Although the use of mechanical aperture diaphragms in optical systems—even if for completely different purposes—is known in principle, thus, for example, reference is made to a Nipkow disk, such as is represented for example in U.S. Pat. No. 5,067,805, or to rigid mechanical beam splitters in which, for example part of the light in the beam path is allowed through at an annular aperture diaphragm and another part is reflected back for beam splitting, these known mechanical beam splitters do not reduce the actual light intensity loss, since following the splitting, in each subsequent beam path in each case only part of the original 100% light intensity is forwarded. The other part is in fact deflected further by the splitter into the second beam path.

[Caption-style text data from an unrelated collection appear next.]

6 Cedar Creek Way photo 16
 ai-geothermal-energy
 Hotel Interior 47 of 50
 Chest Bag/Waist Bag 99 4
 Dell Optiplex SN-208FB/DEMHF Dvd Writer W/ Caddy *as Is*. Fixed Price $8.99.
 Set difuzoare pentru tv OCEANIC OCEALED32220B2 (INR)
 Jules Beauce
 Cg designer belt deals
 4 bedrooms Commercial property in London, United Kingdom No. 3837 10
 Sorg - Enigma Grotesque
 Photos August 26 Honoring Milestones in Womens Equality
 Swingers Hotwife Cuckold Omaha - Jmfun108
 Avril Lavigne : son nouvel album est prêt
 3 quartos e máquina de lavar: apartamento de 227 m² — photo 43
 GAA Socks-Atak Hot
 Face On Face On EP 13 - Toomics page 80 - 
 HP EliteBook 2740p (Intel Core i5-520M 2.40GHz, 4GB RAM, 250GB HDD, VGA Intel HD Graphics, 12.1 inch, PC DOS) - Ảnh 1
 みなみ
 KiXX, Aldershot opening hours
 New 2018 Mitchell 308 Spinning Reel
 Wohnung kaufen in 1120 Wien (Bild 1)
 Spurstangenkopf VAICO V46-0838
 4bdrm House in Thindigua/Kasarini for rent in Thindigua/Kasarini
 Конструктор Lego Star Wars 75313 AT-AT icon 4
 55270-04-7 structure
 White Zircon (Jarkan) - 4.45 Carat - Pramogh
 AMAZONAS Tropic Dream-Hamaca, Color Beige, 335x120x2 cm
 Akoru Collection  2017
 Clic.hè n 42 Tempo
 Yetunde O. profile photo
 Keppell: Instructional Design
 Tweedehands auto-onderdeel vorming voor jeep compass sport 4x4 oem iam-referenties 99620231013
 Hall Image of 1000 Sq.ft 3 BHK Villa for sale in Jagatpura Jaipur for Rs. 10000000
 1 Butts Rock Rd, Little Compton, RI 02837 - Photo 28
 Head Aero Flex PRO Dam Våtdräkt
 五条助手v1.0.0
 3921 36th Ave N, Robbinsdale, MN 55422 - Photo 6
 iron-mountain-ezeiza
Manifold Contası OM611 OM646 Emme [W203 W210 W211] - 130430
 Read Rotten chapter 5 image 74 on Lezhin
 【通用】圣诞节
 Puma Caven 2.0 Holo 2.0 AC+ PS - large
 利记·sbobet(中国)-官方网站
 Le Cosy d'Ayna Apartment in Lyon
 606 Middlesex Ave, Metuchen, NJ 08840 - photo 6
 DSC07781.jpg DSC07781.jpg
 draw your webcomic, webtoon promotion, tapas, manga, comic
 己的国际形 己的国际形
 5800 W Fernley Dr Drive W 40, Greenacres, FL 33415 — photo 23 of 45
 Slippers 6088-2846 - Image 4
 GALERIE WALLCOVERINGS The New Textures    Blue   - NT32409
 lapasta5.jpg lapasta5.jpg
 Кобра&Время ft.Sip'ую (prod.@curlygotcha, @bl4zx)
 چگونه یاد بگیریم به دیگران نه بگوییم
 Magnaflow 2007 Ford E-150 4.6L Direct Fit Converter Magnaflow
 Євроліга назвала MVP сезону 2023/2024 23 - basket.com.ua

Individual applications having monochromatic light could reduce splitting losses at splitters to a residual, which however is not possible if it is desired to use the entire light spectrum.
A partial aspect of the invention is therefore found in the case of a microscope, in particular a stereomicroscope, having a first beam path and a beam splitter in this beam path, the beam splitter being designed as a mechanooptical or electrooptical switching element which can be transferred alternately from a reflective into a transmissive or another reflective state, one of the two states exposing the light path for the first beam path and the other state exposing the light path for a second beam path, while blocking the light path for the viewing beam path. Such a switching element thus replaces conventional beam splitters, by which means the light loss can be reduced significantly.
Within the scope of the invention there are various further types of design and variants thereto, which are described below.
In the case of a preferred variant, the entry bundles of rays of the stereomicroscope are geometrically superimposed—but chronologically one after the other—after the (single) main objective, either by means of a rotating mirror having at least in each case one transmissive and reflective subregion or by means of a stationary splitter and a rotating aperture diaphragm which alternately covers the entry beam paths. In this case it is favorable if both beam paths have the same optical path lengths as far as the image recording device. In the sense of the invention, it is in this case not important in which form the reflecting aperture diaphragms are introduced. Translatory movements are in this case to be equated with rotating movements or other switching movements. Thus, for example, it is thus entirely possible to provide aperture diaphragms similar to photographic camera shutters, but which are appropriately silvered on at least one side. A variant having micro-mechanical lamellar mirrors is likewise conceivable, such lamellar mirrors—at present these are essentially only in laboratory experiments—being generally constructed from silicon and being switched by means of electrostatic charges.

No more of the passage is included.